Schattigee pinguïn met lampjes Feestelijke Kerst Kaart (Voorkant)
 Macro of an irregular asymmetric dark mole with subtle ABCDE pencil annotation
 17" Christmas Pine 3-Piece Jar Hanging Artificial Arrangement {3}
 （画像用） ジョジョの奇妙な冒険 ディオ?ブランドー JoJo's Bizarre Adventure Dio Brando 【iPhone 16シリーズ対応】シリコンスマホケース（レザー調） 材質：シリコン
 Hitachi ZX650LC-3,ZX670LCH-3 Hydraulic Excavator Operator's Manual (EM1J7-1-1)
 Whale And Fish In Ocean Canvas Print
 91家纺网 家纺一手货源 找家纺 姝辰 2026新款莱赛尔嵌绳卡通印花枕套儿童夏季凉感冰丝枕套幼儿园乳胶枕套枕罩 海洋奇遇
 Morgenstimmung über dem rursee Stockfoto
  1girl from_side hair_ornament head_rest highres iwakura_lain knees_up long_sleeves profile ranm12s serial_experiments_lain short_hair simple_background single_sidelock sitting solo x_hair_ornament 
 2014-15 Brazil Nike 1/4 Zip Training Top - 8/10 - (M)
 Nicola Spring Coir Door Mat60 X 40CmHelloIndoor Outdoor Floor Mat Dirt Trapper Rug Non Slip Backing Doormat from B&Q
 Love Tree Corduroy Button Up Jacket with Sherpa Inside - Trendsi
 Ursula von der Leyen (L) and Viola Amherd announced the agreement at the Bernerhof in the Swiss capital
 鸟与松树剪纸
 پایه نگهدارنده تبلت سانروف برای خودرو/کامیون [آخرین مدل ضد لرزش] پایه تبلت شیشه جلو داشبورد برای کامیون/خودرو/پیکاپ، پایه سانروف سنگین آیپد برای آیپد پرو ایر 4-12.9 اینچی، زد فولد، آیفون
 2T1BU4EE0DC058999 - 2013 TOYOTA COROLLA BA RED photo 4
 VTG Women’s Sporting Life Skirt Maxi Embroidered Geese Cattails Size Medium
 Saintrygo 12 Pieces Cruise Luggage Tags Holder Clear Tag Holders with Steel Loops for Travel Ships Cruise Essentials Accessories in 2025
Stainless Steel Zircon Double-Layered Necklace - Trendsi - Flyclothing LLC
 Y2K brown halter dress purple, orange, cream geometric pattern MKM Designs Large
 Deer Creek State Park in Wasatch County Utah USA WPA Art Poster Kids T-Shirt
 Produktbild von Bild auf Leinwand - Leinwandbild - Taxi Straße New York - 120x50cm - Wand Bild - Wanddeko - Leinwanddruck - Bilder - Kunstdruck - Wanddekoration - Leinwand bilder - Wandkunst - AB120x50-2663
- - -
**What the task asks**. Read through the data and copy every line where "Trendsi" shows up.

**Completed exercise**.
 Love Tree Corduroy Button Up Jacket with Sherpa Inside - Trendsi
Stainless Steel Zircon Double-Layered Necklace - Trendsi - Flyclothing LLC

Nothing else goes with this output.